Das Komitee zum Schutz von Journalisten hat die kirgisischen Behörden aufgefordert, die Anklage gegen acht inhaftierte Journalisten der investigativen Journalistengruppe Temirov Live „sofort fallen zu lassen“ und warnte vor einer „sich verschärfenden Krise der Pressefreiheit“ im Land.
Die Journalisten wurden festgenommen, nachdem sie über Korruption und Missstände in der Regierung berichtet hatten. Das Komitee zum Schutz von Journalisten betonte, dass die Anklage gegen die Reporter nicht gerechtfertigt sei und forderte ihre sofortige Freilassung.
Die Pressefreiheit in Kirgisistan ist in den letzten Jahren immer stärker eingeschränkt worden. Journalisten stehen unter Druck und werden oft Opfer von Schikanen und Repressalien.
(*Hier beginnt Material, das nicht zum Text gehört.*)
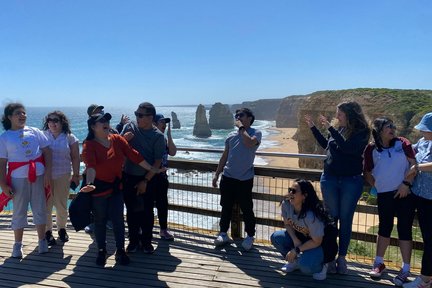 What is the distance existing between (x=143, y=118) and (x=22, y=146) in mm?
1326

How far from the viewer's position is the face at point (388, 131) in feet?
11.5

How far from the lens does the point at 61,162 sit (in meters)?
4.41

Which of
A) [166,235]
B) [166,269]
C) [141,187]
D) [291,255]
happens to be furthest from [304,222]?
[166,235]

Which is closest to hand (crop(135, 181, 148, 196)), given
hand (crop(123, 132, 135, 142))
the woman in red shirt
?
the woman in red shirt

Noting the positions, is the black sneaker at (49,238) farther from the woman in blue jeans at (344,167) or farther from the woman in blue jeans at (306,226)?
the woman in blue jeans at (344,167)

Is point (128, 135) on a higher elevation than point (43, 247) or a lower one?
higher

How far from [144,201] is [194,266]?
0.96m

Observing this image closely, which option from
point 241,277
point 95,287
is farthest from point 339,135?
point 95,287

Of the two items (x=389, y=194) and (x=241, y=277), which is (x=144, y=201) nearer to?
(x=241, y=277)

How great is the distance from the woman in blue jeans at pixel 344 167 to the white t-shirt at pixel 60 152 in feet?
9.33

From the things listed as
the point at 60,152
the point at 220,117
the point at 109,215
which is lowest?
the point at 109,215

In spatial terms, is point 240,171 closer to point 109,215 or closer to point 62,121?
point 109,215

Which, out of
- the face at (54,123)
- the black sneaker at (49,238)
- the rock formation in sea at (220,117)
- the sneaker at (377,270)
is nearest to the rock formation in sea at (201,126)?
the rock formation in sea at (220,117)

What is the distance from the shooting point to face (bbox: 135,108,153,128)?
4.03 m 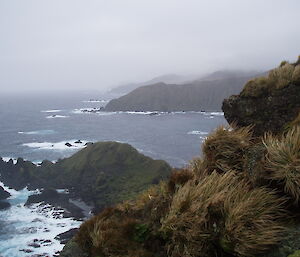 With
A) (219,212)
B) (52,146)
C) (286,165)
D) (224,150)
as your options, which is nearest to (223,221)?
(219,212)

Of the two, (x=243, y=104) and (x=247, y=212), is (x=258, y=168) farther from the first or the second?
(x=243, y=104)

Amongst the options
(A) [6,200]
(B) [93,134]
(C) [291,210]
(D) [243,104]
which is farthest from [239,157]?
(B) [93,134]

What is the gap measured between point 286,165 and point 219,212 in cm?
121

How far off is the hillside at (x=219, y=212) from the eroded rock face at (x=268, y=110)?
5.12ft

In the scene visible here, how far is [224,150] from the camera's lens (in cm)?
693

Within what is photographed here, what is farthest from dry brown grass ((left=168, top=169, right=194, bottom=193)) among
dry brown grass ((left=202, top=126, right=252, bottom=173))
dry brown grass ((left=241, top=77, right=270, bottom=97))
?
dry brown grass ((left=241, top=77, right=270, bottom=97))

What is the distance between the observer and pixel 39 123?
6457 inches

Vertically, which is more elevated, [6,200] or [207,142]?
[207,142]

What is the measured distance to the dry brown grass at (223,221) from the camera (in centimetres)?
466

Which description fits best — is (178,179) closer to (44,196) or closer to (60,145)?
(44,196)

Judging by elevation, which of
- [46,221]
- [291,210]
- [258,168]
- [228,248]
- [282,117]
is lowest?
[46,221]

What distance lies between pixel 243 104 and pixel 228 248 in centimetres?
541

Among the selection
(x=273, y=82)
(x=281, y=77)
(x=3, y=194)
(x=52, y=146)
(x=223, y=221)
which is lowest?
(x=3, y=194)

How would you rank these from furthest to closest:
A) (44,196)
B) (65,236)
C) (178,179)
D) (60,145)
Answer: (60,145)
(44,196)
(65,236)
(178,179) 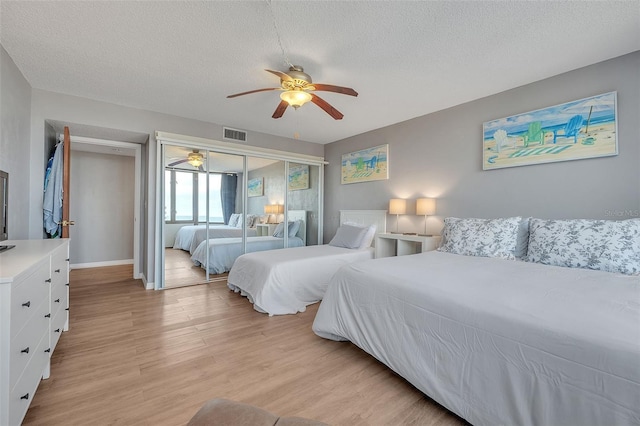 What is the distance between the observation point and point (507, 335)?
1.23m

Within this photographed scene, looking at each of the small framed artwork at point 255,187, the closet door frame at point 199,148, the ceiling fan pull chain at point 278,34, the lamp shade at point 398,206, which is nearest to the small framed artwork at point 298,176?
the closet door frame at point 199,148

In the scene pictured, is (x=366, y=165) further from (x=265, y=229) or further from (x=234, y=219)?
(x=234, y=219)

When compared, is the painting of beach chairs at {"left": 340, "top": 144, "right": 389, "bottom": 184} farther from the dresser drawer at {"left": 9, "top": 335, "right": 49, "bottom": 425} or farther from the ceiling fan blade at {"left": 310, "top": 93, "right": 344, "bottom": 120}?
the dresser drawer at {"left": 9, "top": 335, "right": 49, "bottom": 425}

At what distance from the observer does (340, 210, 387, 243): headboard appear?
438 cm

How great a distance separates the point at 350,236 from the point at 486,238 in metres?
1.85

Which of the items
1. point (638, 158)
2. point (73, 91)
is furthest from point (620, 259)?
point (73, 91)

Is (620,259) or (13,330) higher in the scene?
(620,259)

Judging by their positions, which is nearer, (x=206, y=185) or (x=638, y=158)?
(x=638, y=158)

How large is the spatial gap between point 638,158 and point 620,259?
1.01m

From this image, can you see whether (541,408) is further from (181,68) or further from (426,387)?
(181,68)

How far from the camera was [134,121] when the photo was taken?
3.65m

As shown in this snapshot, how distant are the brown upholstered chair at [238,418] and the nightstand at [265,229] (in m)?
3.90

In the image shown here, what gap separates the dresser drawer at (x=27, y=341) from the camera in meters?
1.13

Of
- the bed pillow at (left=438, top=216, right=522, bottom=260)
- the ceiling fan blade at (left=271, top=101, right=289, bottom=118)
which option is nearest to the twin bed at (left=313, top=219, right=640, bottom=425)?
the bed pillow at (left=438, top=216, right=522, bottom=260) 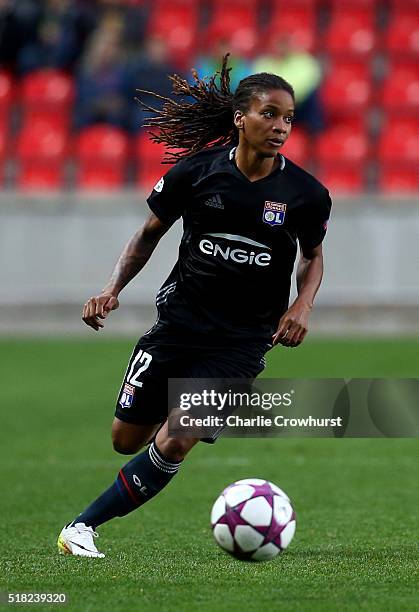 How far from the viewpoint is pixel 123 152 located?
17000 millimetres

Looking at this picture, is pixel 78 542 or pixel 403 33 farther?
pixel 403 33

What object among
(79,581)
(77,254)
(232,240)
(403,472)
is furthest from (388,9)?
(79,581)

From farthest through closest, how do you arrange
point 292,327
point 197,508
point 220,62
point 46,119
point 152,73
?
point 46,119, point 152,73, point 220,62, point 197,508, point 292,327

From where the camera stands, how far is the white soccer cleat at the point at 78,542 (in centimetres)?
588

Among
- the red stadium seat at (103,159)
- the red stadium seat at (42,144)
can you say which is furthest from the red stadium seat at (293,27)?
the red stadium seat at (42,144)

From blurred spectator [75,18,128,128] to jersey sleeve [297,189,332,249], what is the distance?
1116 cm

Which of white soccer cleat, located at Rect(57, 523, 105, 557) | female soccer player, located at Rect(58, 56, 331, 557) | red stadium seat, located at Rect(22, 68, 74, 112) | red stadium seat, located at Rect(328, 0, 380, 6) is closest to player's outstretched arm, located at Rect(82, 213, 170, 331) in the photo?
female soccer player, located at Rect(58, 56, 331, 557)

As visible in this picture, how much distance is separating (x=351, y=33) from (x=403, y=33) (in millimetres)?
749

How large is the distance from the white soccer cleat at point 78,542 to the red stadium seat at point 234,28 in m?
12.8

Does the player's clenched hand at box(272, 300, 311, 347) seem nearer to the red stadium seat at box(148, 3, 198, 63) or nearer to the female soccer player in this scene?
the female soccer player

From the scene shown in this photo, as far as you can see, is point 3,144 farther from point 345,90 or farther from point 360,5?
point 360,5

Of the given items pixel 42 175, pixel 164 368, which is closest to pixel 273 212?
pixel 164 368

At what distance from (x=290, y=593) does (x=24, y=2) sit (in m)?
14.0

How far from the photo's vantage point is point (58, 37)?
18047mm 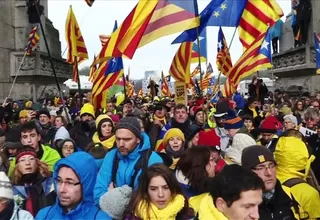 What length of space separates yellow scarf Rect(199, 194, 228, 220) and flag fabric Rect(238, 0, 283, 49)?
737cm

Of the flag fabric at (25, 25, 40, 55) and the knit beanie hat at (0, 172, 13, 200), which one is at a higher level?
the flag fabric at (25, 25, 40, 55)

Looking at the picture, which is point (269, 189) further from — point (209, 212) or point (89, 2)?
point (89, 2)

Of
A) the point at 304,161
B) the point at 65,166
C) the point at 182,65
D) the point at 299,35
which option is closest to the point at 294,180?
the point at 304,161

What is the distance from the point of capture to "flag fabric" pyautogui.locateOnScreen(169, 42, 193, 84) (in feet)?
33.2

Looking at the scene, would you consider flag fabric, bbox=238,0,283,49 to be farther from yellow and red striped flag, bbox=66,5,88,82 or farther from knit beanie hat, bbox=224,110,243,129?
yellow and red striped flag, bbox=66,5,88,82

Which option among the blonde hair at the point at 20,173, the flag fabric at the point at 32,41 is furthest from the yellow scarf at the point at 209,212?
the flag fabric at the point at 32,41

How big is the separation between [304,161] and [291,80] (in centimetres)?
1467

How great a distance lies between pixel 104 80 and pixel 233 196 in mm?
7647

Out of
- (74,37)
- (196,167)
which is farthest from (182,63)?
(196,167)

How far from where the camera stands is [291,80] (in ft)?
61.1

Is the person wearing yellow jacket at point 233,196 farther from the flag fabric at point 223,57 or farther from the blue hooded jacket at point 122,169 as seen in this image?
the flag fabric at point 223,57

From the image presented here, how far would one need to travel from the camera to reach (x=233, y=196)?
2.67 meters

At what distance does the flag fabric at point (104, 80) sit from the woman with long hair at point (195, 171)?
5655 millimetres

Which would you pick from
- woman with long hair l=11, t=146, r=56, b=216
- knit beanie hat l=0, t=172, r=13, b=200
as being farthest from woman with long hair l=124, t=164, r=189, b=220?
woman with long hair l=11, t=146, r=56, b=216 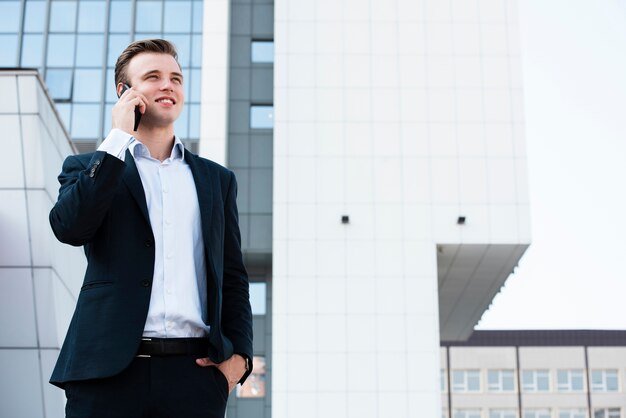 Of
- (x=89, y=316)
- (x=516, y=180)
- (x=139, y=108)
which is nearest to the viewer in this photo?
(x=89, y=316)

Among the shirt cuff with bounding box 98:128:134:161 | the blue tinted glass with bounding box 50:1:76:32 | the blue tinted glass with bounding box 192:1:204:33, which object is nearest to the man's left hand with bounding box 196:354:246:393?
the shirt cuff with bounding box 98:128:134:161

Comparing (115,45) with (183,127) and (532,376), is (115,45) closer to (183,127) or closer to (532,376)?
(183,127)

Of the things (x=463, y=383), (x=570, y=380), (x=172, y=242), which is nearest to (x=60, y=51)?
(x=172, y=242)

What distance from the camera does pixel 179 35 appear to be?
102 ft

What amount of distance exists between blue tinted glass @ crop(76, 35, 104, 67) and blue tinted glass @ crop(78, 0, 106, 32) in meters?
0.31

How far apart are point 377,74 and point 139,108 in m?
27.3

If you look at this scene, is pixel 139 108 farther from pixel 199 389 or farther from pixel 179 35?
pixel 179 35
Die Festnahme der Journalisten von Temirov Live ist ein weiterer alarmierender Fall in einer Reihe von Angriffen gegen die Pressefreiheit im Land.
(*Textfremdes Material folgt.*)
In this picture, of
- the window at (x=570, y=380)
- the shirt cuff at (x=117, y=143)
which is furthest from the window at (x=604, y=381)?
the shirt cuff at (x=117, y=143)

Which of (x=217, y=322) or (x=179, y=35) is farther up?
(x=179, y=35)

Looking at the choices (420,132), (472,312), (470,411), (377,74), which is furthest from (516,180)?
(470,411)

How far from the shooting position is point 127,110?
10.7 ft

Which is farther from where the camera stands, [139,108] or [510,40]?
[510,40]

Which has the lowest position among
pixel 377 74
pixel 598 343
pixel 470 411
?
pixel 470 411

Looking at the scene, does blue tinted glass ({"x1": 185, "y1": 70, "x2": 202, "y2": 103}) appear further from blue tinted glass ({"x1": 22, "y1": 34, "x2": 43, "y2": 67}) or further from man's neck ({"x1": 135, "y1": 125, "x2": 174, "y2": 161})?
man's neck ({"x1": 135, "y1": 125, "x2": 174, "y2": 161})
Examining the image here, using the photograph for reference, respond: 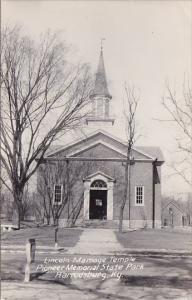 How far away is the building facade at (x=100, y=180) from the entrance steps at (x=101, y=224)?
0.23 meters

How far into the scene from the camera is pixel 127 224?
29.0 meters

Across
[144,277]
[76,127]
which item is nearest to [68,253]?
[144,277]

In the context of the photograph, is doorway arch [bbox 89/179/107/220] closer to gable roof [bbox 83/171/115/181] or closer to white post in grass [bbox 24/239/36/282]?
gable roof [bbox 83/171/115/181]

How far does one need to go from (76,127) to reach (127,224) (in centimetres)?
988

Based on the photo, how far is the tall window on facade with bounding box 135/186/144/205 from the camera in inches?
1159

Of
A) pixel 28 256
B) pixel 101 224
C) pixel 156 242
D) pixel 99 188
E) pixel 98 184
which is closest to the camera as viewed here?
pixel 28 256

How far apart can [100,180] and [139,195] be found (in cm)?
279

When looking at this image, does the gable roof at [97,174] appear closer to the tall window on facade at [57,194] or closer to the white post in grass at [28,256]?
the tall window on facade at [57,194]

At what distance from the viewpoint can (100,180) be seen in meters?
29.2

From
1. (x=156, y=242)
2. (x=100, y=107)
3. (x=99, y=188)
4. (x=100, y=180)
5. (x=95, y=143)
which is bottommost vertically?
(x=156, y=242)

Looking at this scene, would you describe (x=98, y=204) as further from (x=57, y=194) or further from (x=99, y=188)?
(x=57, y=194)

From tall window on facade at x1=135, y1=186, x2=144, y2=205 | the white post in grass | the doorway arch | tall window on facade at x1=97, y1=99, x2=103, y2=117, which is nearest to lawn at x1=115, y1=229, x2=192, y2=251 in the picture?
the white post in grass

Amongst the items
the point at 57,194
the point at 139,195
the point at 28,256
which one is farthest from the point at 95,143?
the point at 28,256

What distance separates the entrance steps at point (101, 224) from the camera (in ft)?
90.2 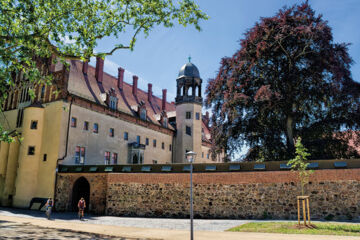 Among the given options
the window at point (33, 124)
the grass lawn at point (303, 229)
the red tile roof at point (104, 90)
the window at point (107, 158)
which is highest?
the red tile roof at point (104, 90)

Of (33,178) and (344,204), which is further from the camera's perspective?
(33,178)

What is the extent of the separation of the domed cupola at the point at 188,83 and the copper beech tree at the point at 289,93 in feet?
55.1

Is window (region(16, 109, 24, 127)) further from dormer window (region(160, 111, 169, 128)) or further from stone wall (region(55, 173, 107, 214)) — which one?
dormer window (region(160, 111, 169, 128))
Das Komitee zum Schutz von Journalisten appellierte an die kirgisischen Behörden, die Meinungsfreiheit zu respektieren und die Journalisten nicht länger zu schikanieren. Die internationale Gemeinschaft wurde aufgerufen, Druck auf Kirgisistan auszuüben und sich für die Freilassung der inhaftierten Reporter einzusetzen. Nur so könne die Pressefreiheit im Land wiederhergestellt und gestärkt werden.